IT Infrastructure for AI

By definition AI solutions process massive amounts of data, so legacy infrastructure is not likely to be able to provide the kind of capabilities needed for an AI-enabled organisation.

Key considerations for infrastructure design include:

·      Security - according to Gartner, traditional prevent-and-detect approaches are inadequate and a shift to a “continuous response” stance is needed. Continuous monitoring of systems and behaviour is the only way to reliably deal with threats.

·      Specialized hardware, and chips with many computing cores and high bandwidth memory (HBM), optimized for highly parallel, Neural Network computation.

·      Systems software with hardware-efficient implementation and dynamic-programming, which automatically optimises code.

·      Distributed computing frameworks that can efficiently scale out model operations across multiple nodes.

·      Data and metadata management systems to enable reliable, uniform, and reproducible pipelines for creating and managing both training and prediction data.

·      Low-latency server infrastructure that enables machines to rapidly execute actions based on real-time data and context.

·      Model interpretation, QA, debugging, and observability tools to monitor, introspect, tune, and optimize models and applications at scale.

·      End-to-end platforms that encapsulate the entire ML/AI workflow and mask complexity from end users.  

·      3rd party cloud-based networks that can supplement an organisation’s capabilities should be carefully considered.

·      Infrastructure paradigms such as AI-Defined Infrastructure (ADI). 

This last point is of particular significance. ADI is a new infrastructure paradigm that both uses AI as a tool and enables AI functions. It enables IT infrastructure to run itself, without human interaction by:

·      Deploying the necessary resources depending on the workload requirements as well as de-allocating the resources when they are not needed anymore.

·      Constantly analysing the ever-changing behaviour and status of every single infrastructure component.

·      Autonomously and proactively acting based on the status of infrastructure components.

Machine Learning Architecture.

Depending on the scale of the organisation, a machine learning can be run on systems ranging in size from a laptop to massive data farms distributed across the globe.
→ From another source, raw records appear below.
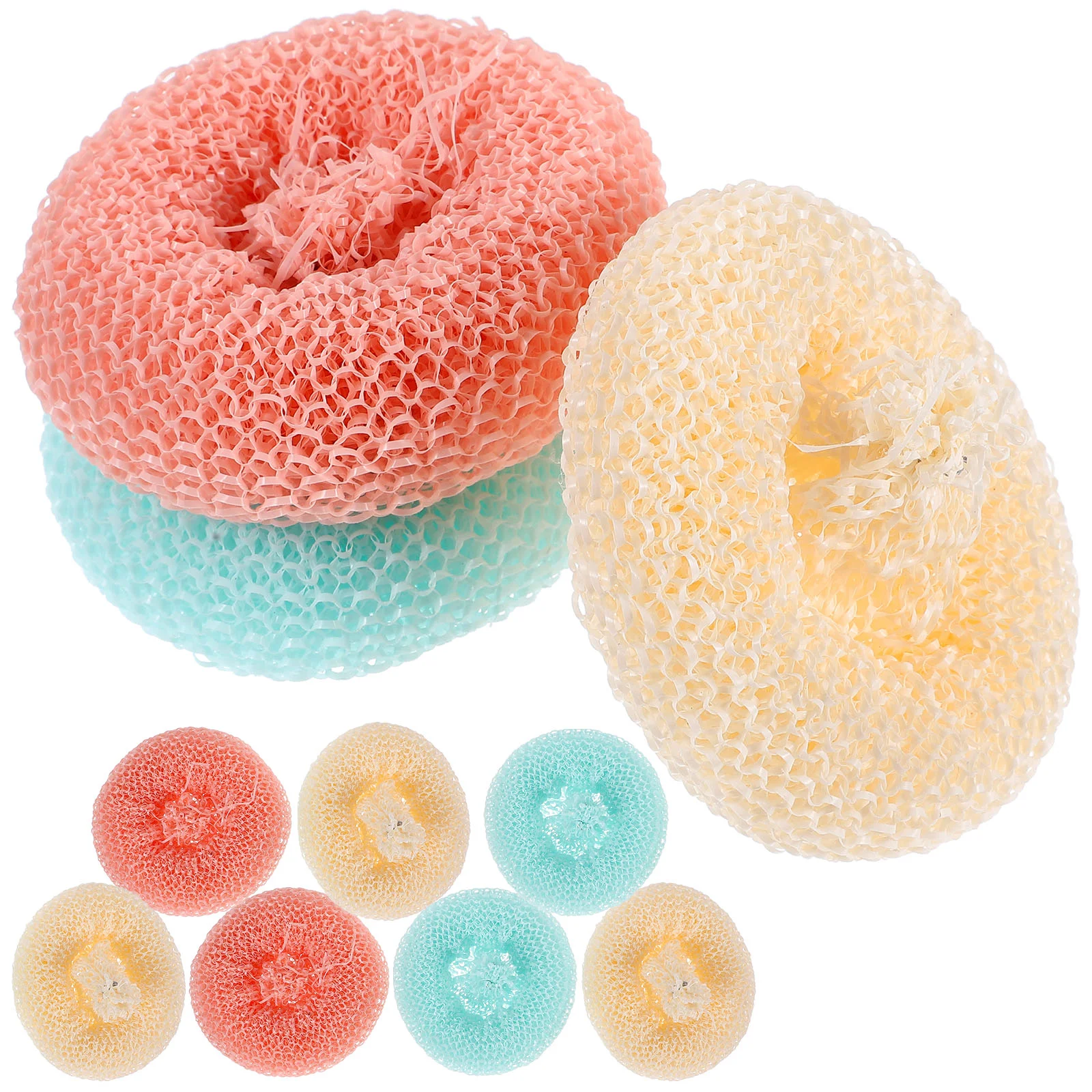 10 Pcs Plate Sponge Plant Fiber Tableware Kitchen Dish Scouring Pads Abs Plastic Scrubbers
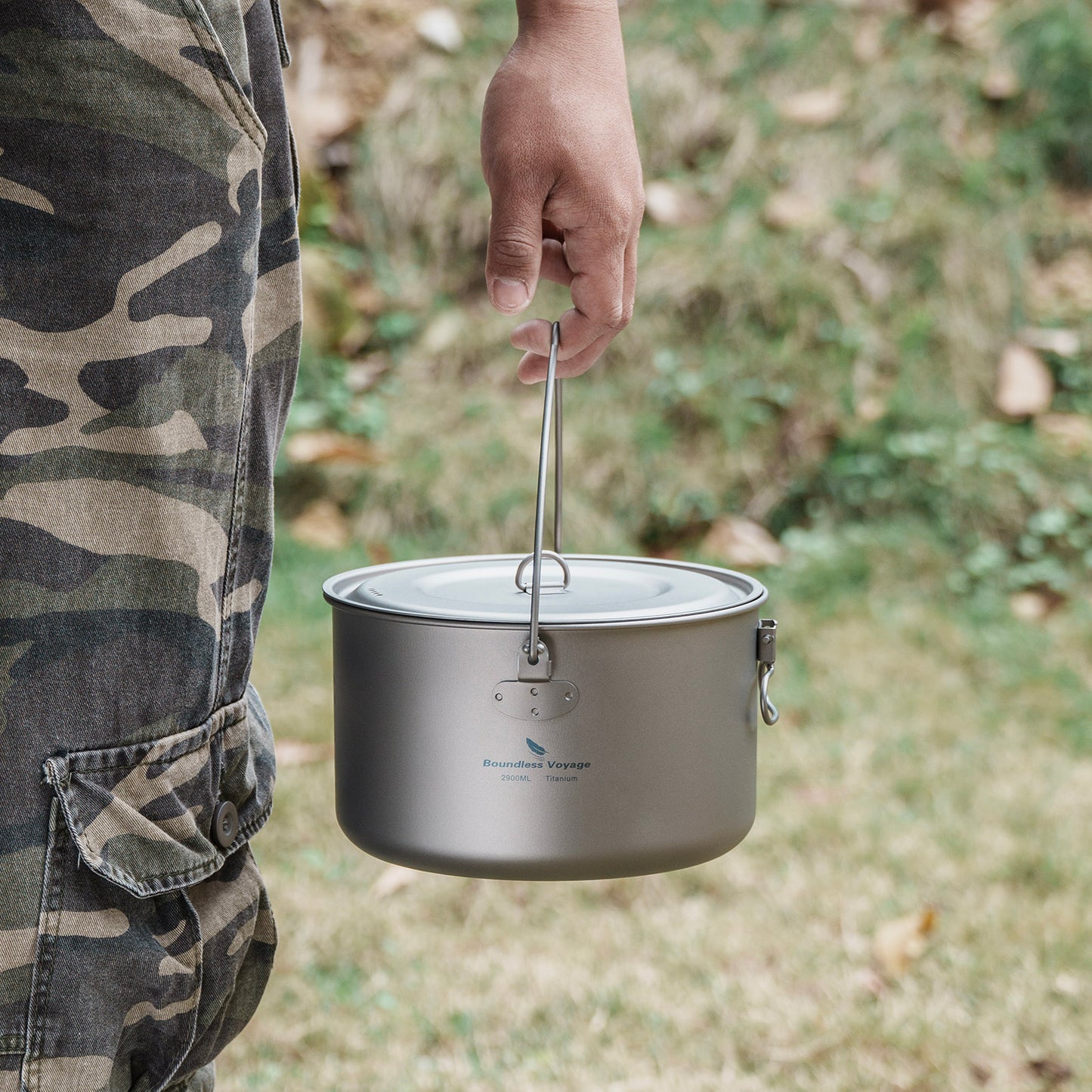 Boundless Voyage 2900ml TA1 Titanium Hanging Pot – Ultralight Large-Capacity Cooking Pot for Camping, Backpacking & Outdoor Bushcraft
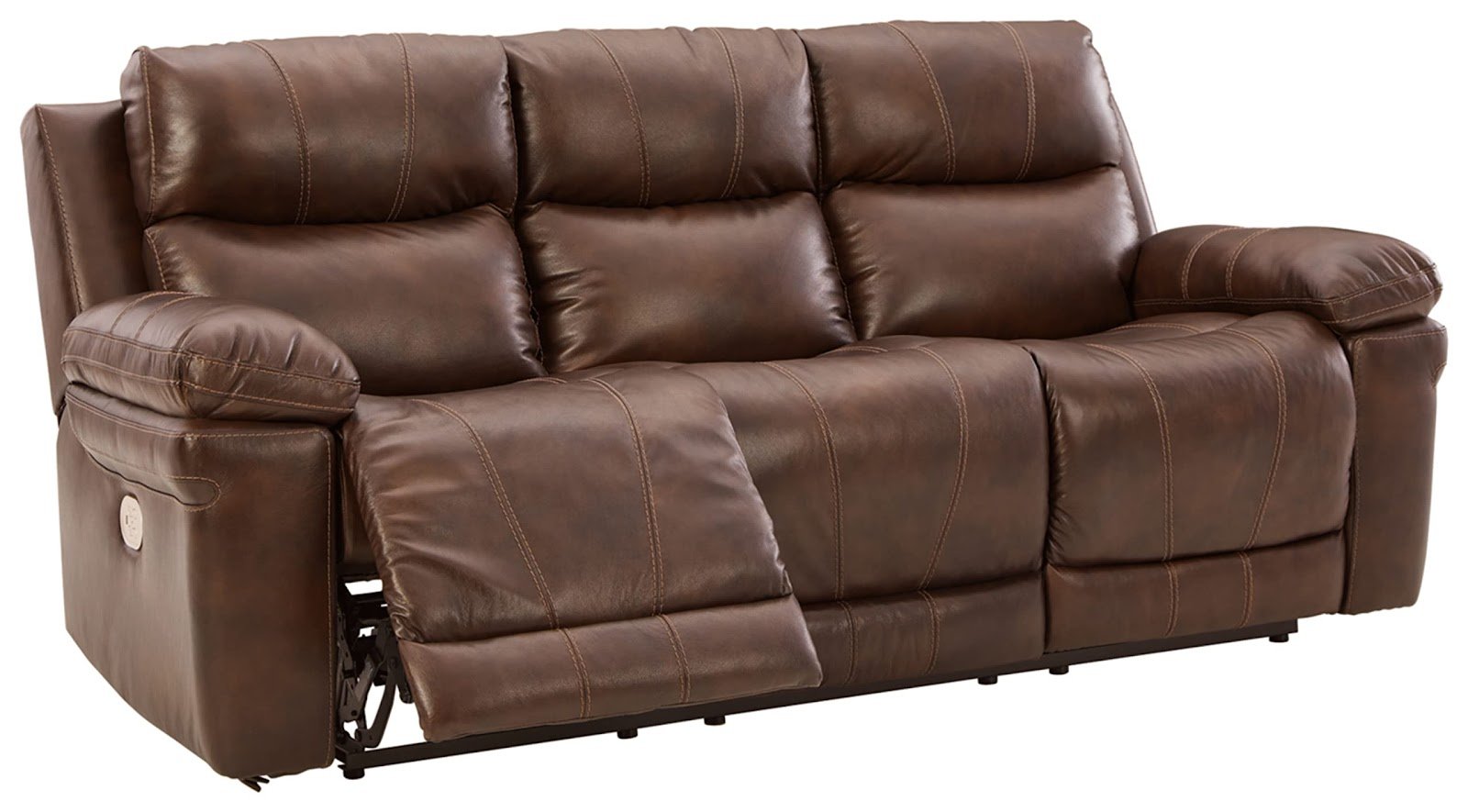 Signature Design by Ashley Edmar Leather Power Reclining Sofa with Adjustable Headrest, Brown Brown Sofa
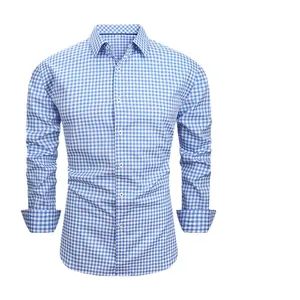 Men's blue and white gingham long sleeve casual shirt with premium elastic fabric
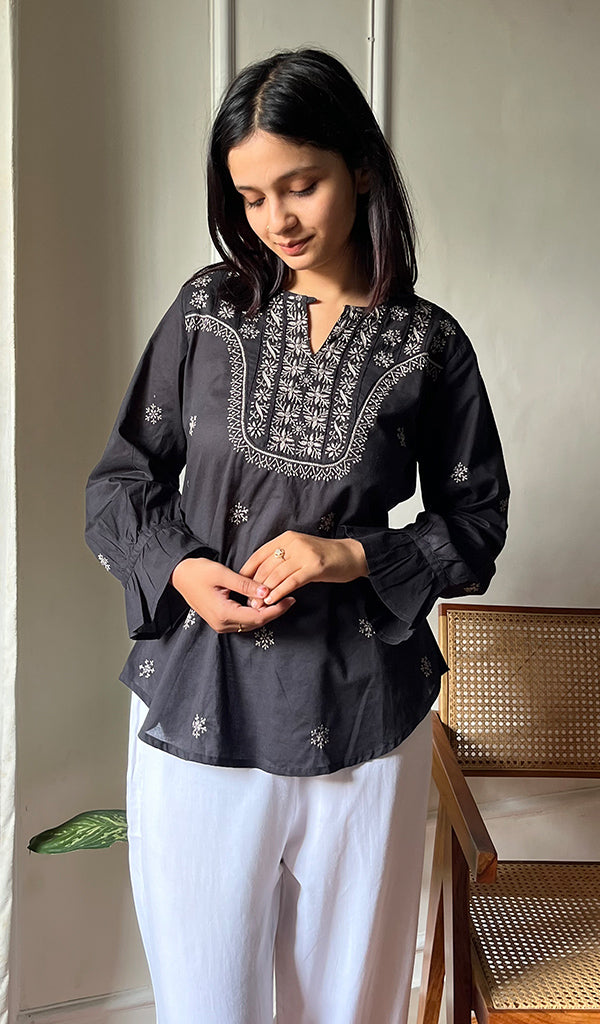 Nasrin Women's Lucknowi Handcrafted Cotton Chikankari Top - HONC0276620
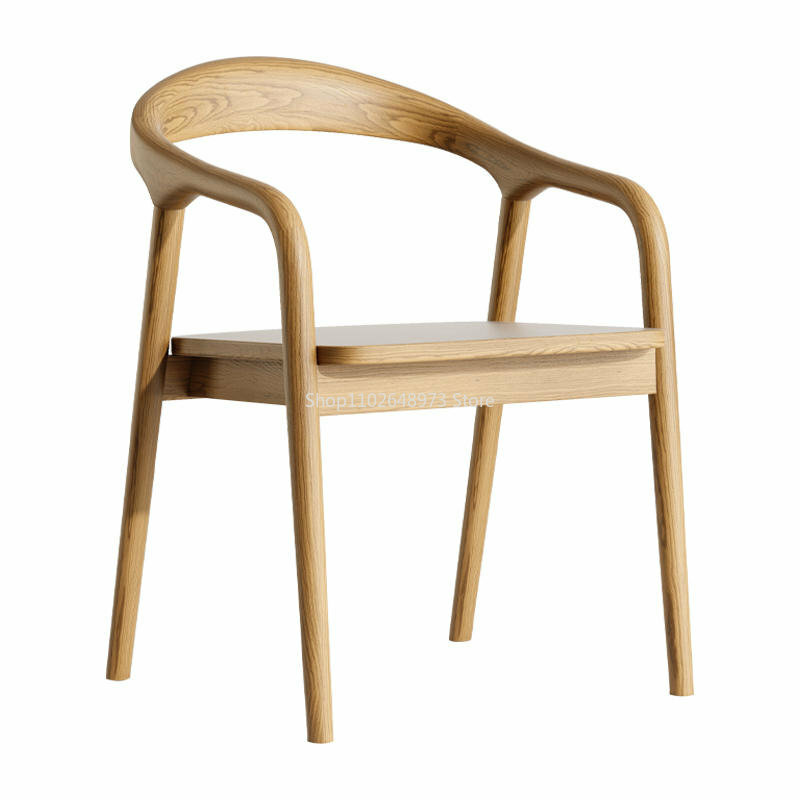 Kursi makan Nordic Modern, lengan kulit ergonomis kursi makan kayu desainer furnitur rumah Silla De Comedor mewah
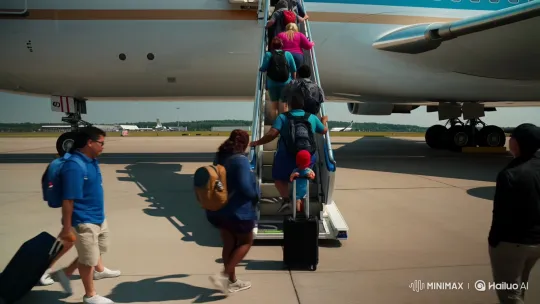 Passengers Boarding Plane on Sunny Airport Tarmac – AI Generated Video | Hailuo AI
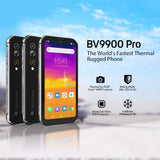 Blackview BV9900 Pro Thermal Camera Mobile Phone Helio P90 Octa Core 8GB+128GB IP68 Rugged Smartphone 48MP Quad Rear Camera Silver_Non-European regulations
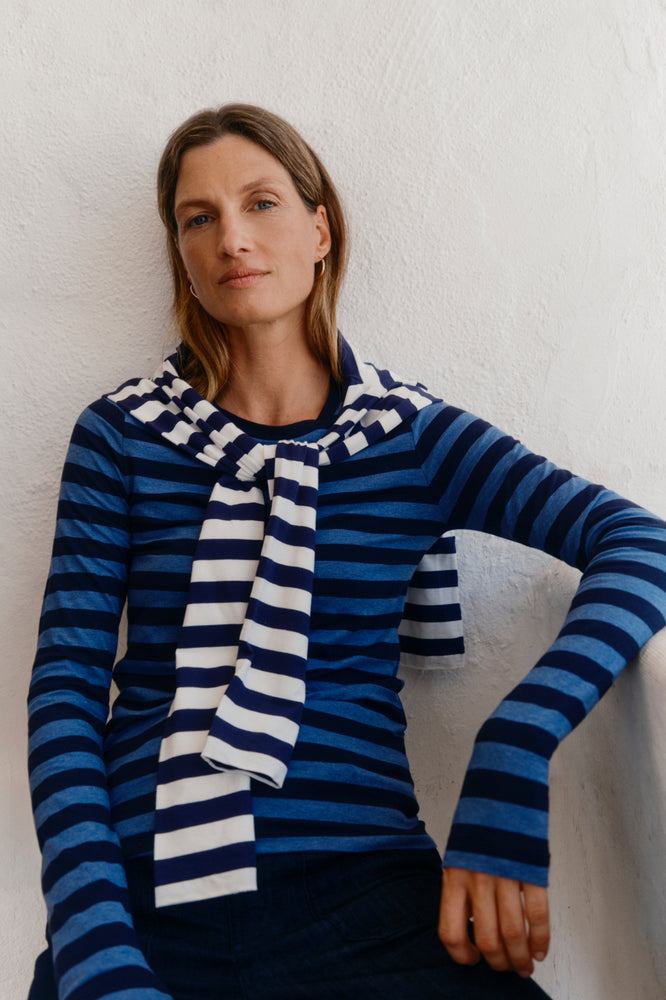 Marnie Long Sleeve Jersey Top - Midnight/Denim Blue Stripe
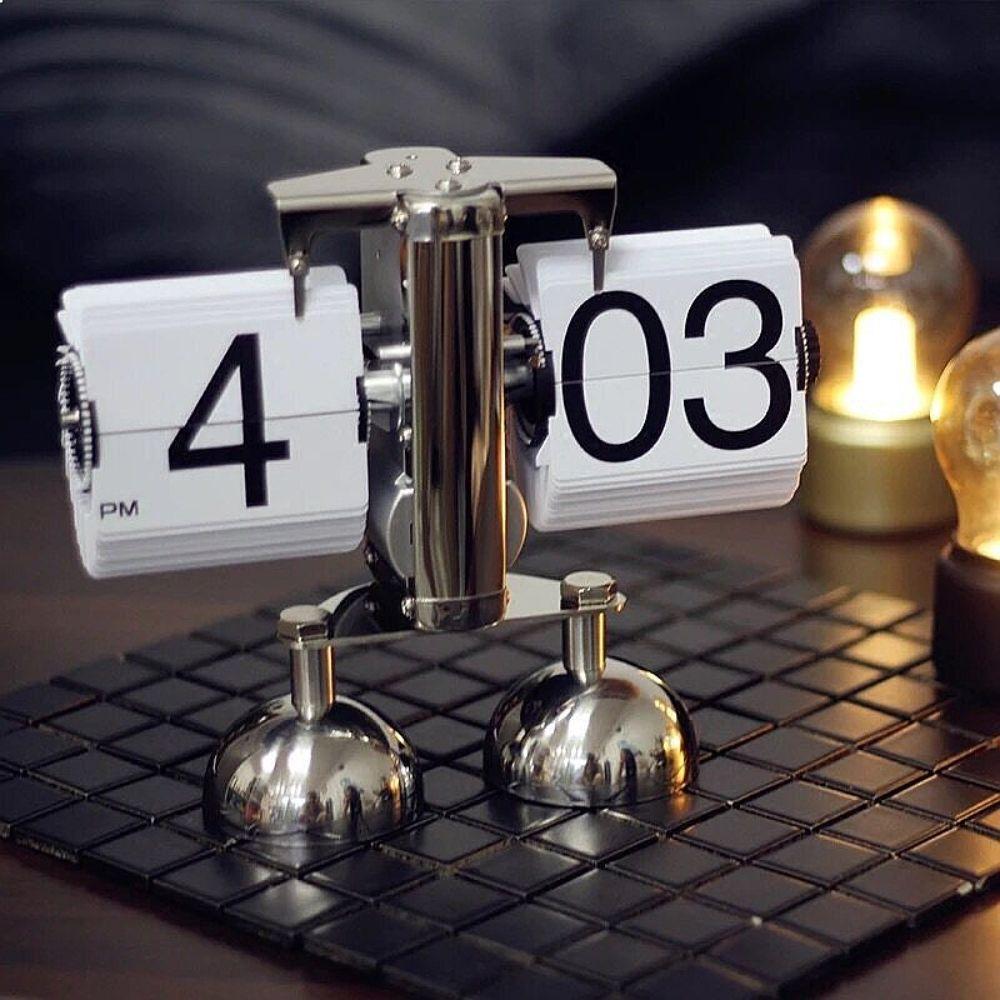 Portable Automatic Flip Clock Nordic Style Page Turning Clock Retro Desk Flipping Clock Desktop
Regardless of scale, the machine learning process is standard –

  1. Manage data
  2. Train models
  3. Evaluate models
  4. Deploy models
  5. Make predictions
  6. Monitor predictions

We can simplify this further - 

Data preparation > Train models > Evaluate models > Apply models.

Key components that are needed for this are:

File systems for storing and processing large volumes of structured and unstructured data on clusters of commodity hardware. Apache Hadoop could be used for an in-house solution, or cloud services like Microsoft’s Azure or Amazon Web Services could also be used.

Data Lake, a single store of all enterprise data.

Data Warehouse for summarising, querying and analysing large data sets including data features, outcomes (vectors) and sample prediction. Apache Hive can provide this kind of capability.

Machine Learning Frameworks provide interfaces, libraries and tools which allows Data Scientists to build machine learning models. Popular frameworks include Apache Spark MLlib, Pytorch and Tensorflow. Popular languages for writing machine learning algorithms are Python and R.

Because different functions are going to be run across different computers, a system for controlling clusters of computers is needed. Apache Spark is a popular cluster-computing framework used in machine learning systems.

Each component in the system will need to send, receive and process messages from other components, so a message streaming platform is needed. Apache Kafka is one such platform and is capable of handling trillions of events a day.

It’s essential also for people across different parts of the process and the wider organisation to have good visibility of data, processes, outcomes and system management metrics. For this, visualisation tools are required such as Matplotlib for visualising Python algorithms, Jupyter for showing code, text & numerical analysis and charts, and Tableau data visualisation.

Figure 40. Simplified machine learning solution architecture

Organisations have 3 choices to make when deciding how to build a machine learning infrastructure.

Option 1 – Internal. The advantages of this is control and the ability to make the system do exactly what you need it to. Disadvantages include finding the right skills and responsibility for keeping it operational.

Option 2 – Cloud services. Companies such as Microsoft, Amazon and IBM offer machine learning as a Service. Advantages of this approach include elasticity (ability to scale up or down according to demand), and Service Level Agreements. Whilst this approach may remove some of the engineering skill requirements, ultimately machine learning is more of a mathematical skillset than engineering so you will still need people who deeply understand machine learning models from a mathematical perspective. Whilst cloud-based solutions are often more cost-effective in the short term, they can add up over time. There is also the risk of ‘vendor lock-in’ when taking this route.

Option 3 – Hybrid. A third option is to combine the ‘best of both worlds’. An organisation may decide to farm-out selected parts of the machine learning process to a Cloud Service provider. For example, it could be possible to store data in Amazon Web Services stores to better manage peaks and troughs in data flows, whilst retaining the rest of the machine learning processes in-house.